Just for experiment, I tried updating a table of 20M rows on my
development machine (no powerhouse by any serious standard, plus
it's running a debug build which is likely 30% or more slower than
production):

regression=# \timing
Timing is on.
regression=# create table foo as select x, 'what' as w from generate_series(1,20000000) x;
SELECT 20000000
Time: 23573.818 ms (00:23.574)
regression=# update foo set w = 'other';
UPDATE 20000000
Time: 60878.418 ms (01:00.878)

OK, that's cheating, because I had no indexes, so ...

regression=# create index on foo(w);
CREATE INDEX
Time: 11774.094 ms (00:11.774)
regression=# update foo set w = x::text;
UPDATE 20000000
Time: 186425.606 ms (03:06.426)

That may still be cheating, because I had no foreign-key constraints or
other possibly-expensive features.  And you might have lots of indexes
not just one.  Still, this doesn't seem to be territory where you need to
spend days researching the best alternative.  I'm not even convinced that
it's worth your time to remove and rebuild indexes.

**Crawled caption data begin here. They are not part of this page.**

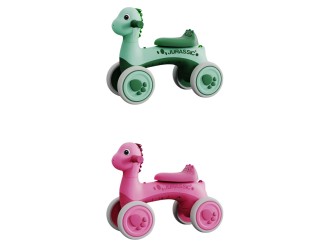 Толокар Dino Jurassic на 4 колесах, разные цвета, ZJA368332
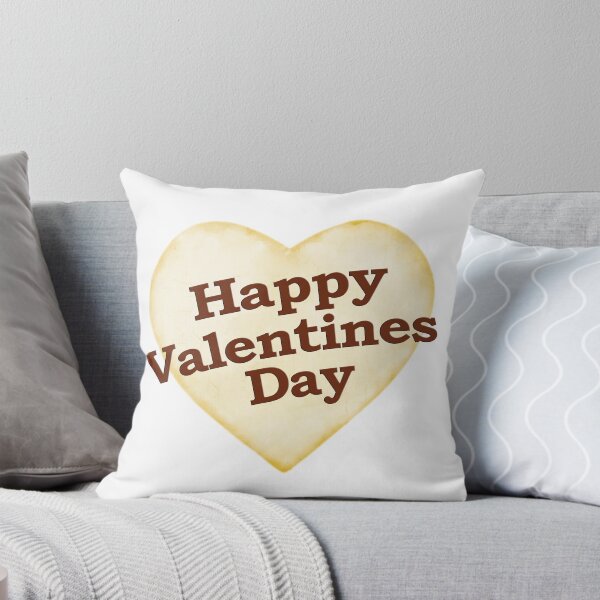 Item preview, Heart Shaped Happy Valentine Day Text Design designed and sold by DFLC Prints.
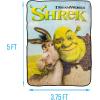 Silver Buffalo Care Bears Plush Fleece Throw Blanket 45″ x 60″ 250 GSM(Shrek and Donkey Hugging)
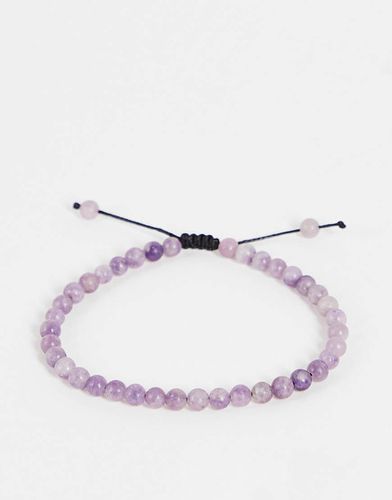 Bracelet en pierres avec motif tête de mort - Lilas - Bolongaro Trevor - Modalova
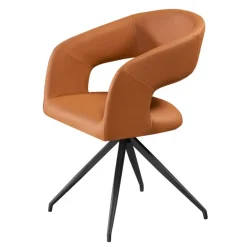 Swivel Chair - Pumpkin Orange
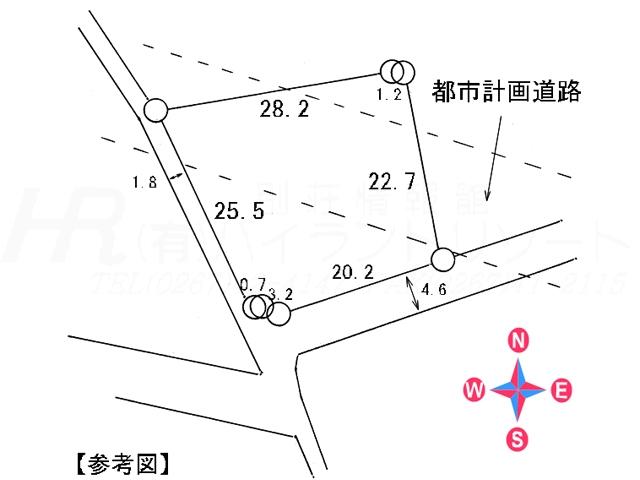Compartment figure. Land price 22 million yen, Land area 656.33 sq m compartment view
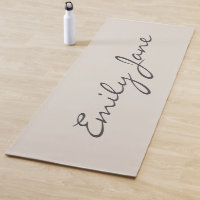 Elegante Beige Handgeschriebener Skriptname Benutz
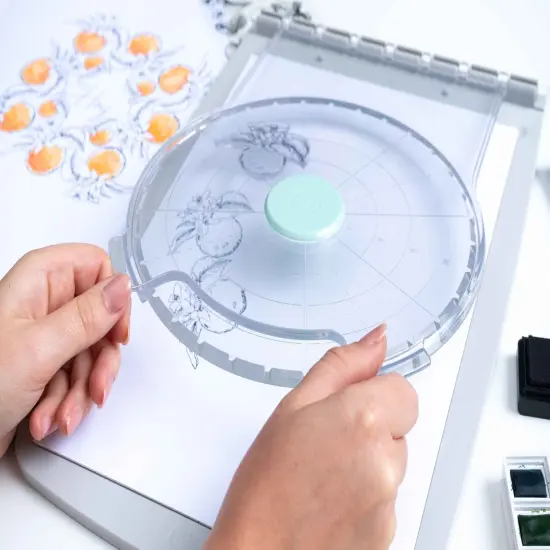 Sizzix Stencil & Stamp Tool Accessory-Stamp & Spin Tool {5}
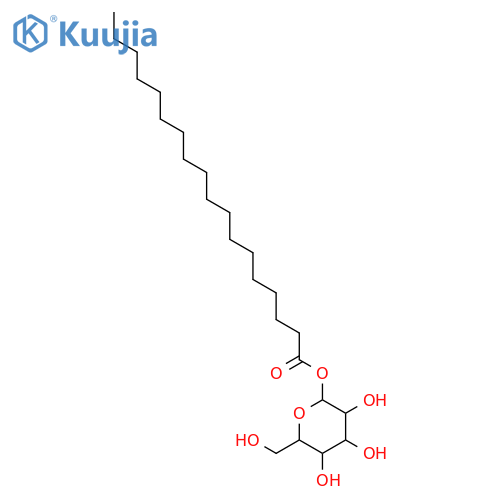 1-O-stearoyl-beta-D-glucopyranose structure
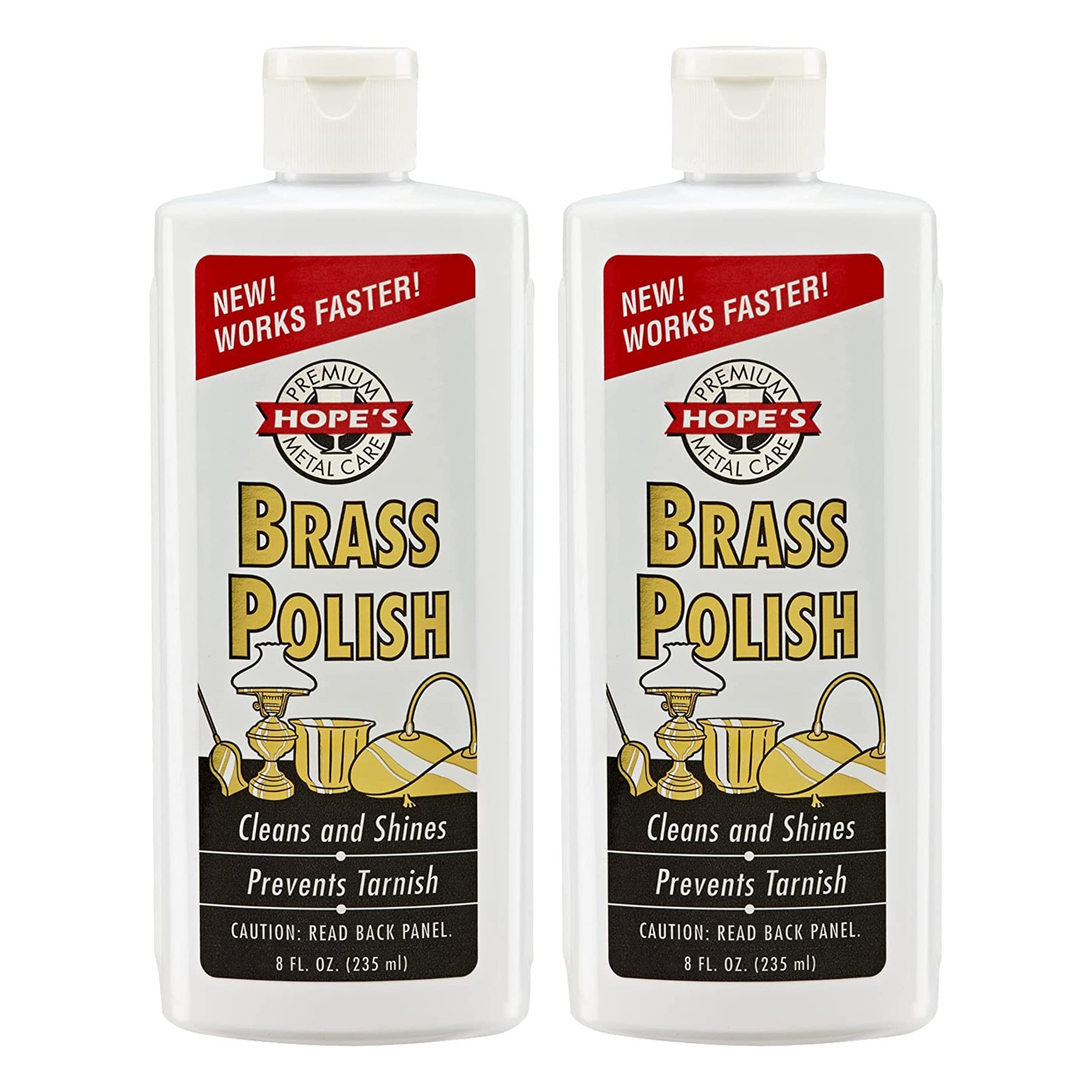 HOPE’S Brass Polish and Cleaner, Prevents Tarnish, Safe for Brass, Copper, Ch…
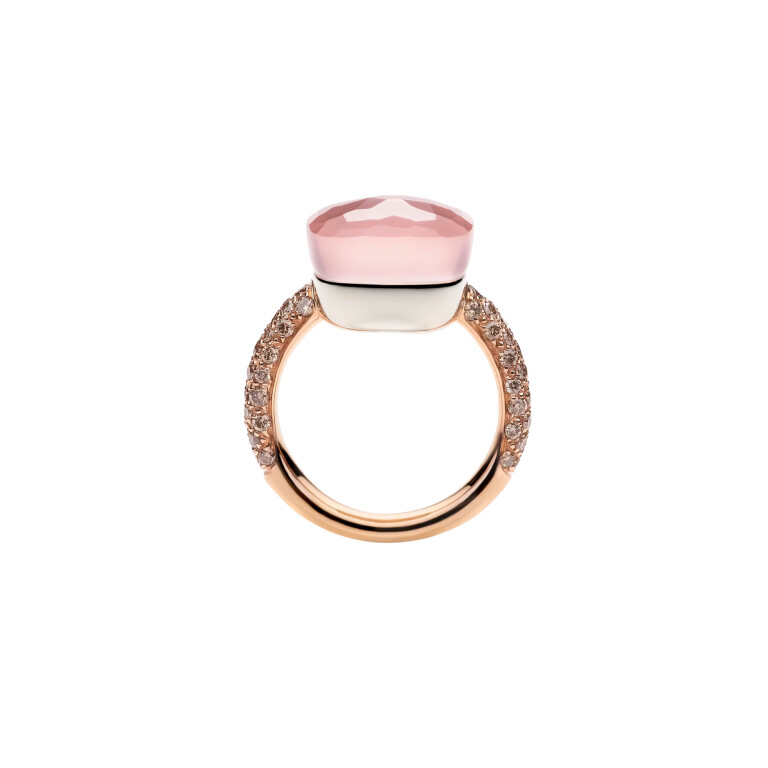 Pomellato Nudo ring rosé/wit goud met diamant - PAB4010 O6000 BRCQR - #3 Pomellato Nudo ring rosé/wit goud met diamant - PAB4010 O6000 BRCQR - #3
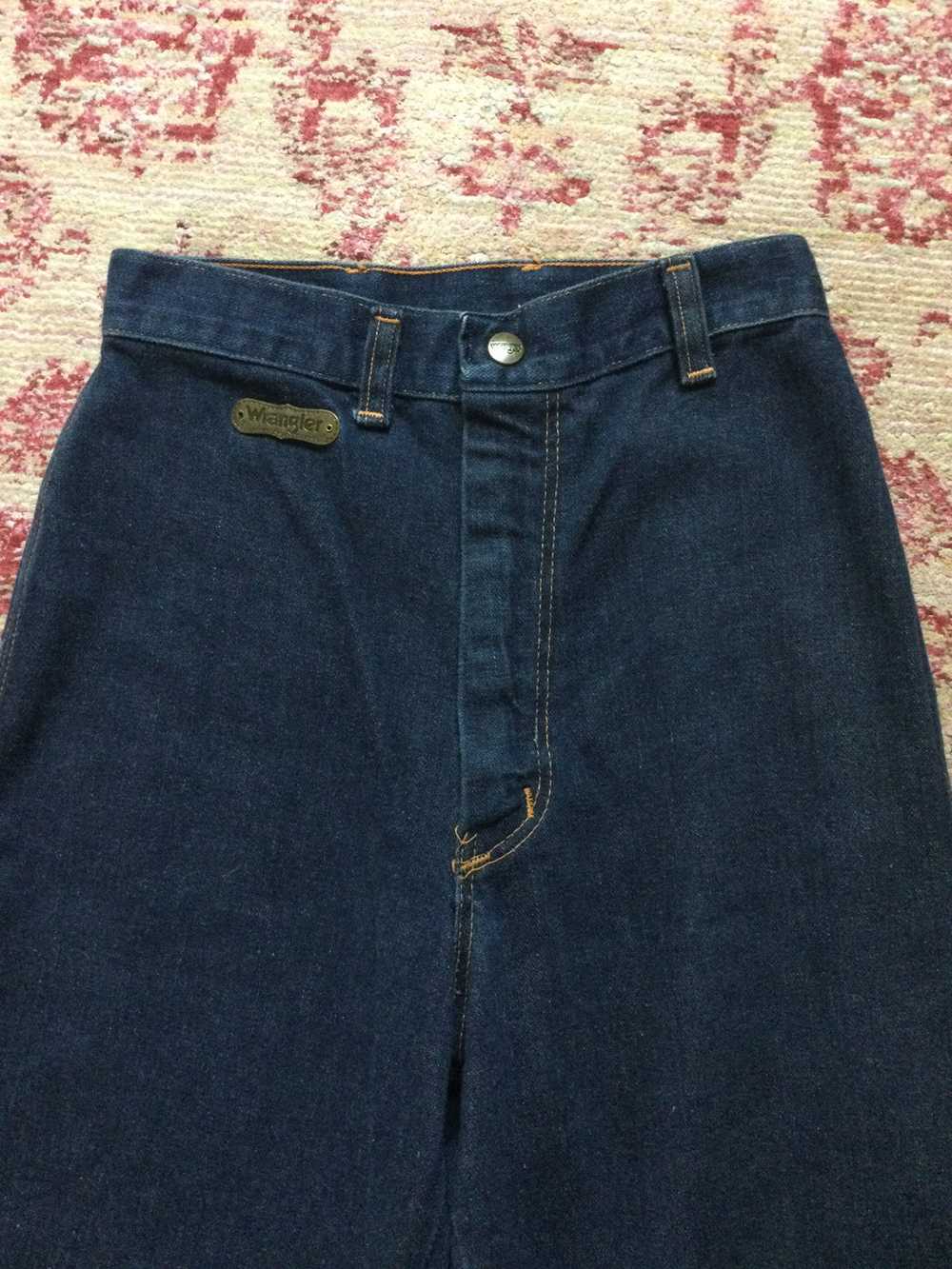 1970s Wrangler Wide Leg Jeans - image 4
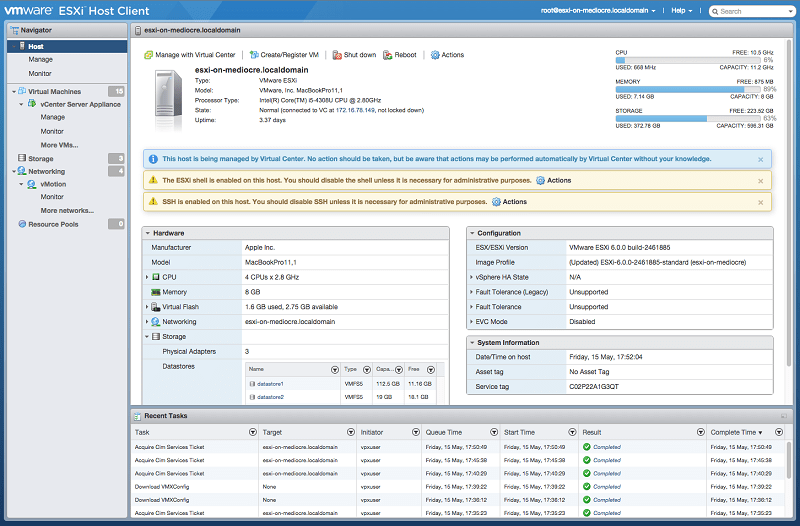 Fix invalid virtual machine status on vmware esxi - power sysadmin blog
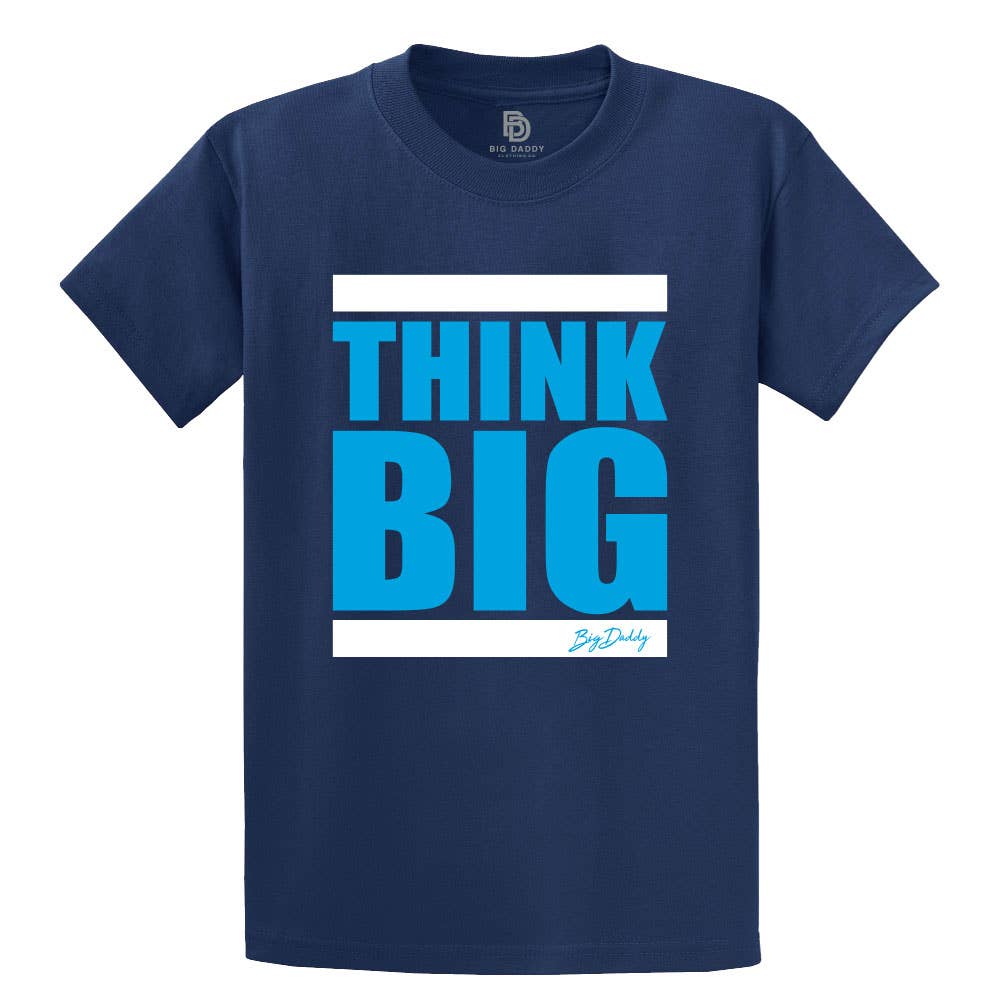Navy Think Big Tee for wholesale on Faire0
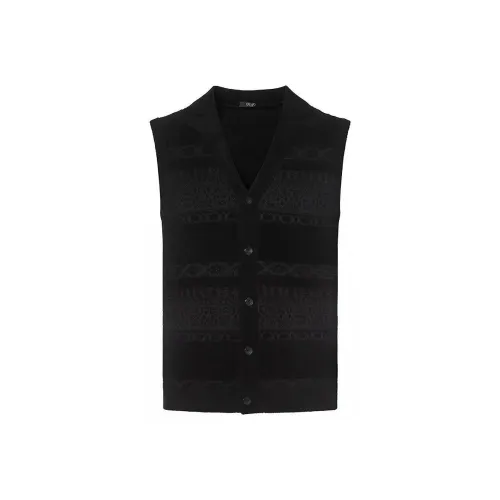 LIU·JO UOMO Мужские черные жилеты
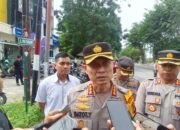 Kapolresta Pangkalpinang Menghijaukan Jalan Wim Tamawiwi, Temukan Tulisan dari Genk Motor di Dinding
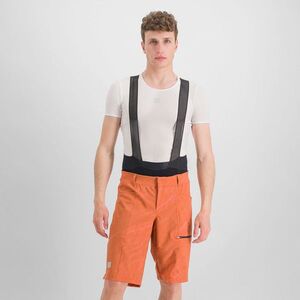 SPORTFUL Rövid kerékpáros nadrág kantár nélkül - CLIFF GIARA - narancssárga kép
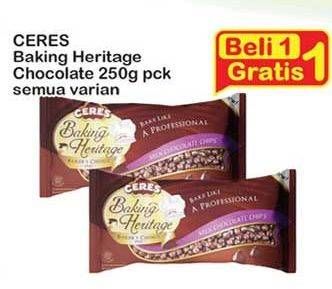Promo Harga CERES Baking Heritage Chocolate 250 gr - Indomaret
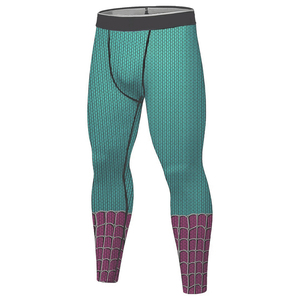 Leggings de compression sportifs pour hommes OEM, extensibles, pour fitness et course, sous-vêtement technique, vêtements de sport à marque privée - Product Image 5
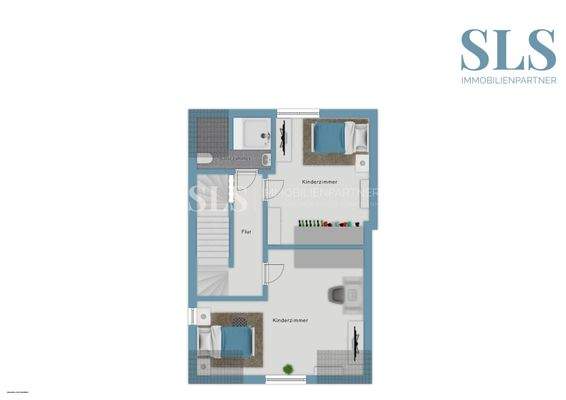 2. Obergeschoss-Skizze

But the real reason I'm commenting is that the original question seems to
embed a whole lot of misunderstanding about how Postgres works.  There is
no such thing as updating "outside a transaction".  You can use an
explicit transaction (ie BEGIN + COMMIT) if you'd like to preserve the
option to roll back after the UPDATE command proper, but that will make
absolutely no difference to performance of the UPDATE.  Likewise, there
is no such thing as not writing WAL (unless you're using an UNLOGGED
table, which you should only ever do for throwaway data).  And also, there's
unlikely to be any performance benefit from carving up the update into
smaller pieces.  If you're seriously short of disk space you might need
to split up the update (because just doing it in one go will about double
the table's size-on-disk) and vacuum between the stages to reclaim disk
space.  But that will take more time not less ... and again, on any
modern machine, such steps shouldn't be necessary for only 20M rows.

			regards, tom lane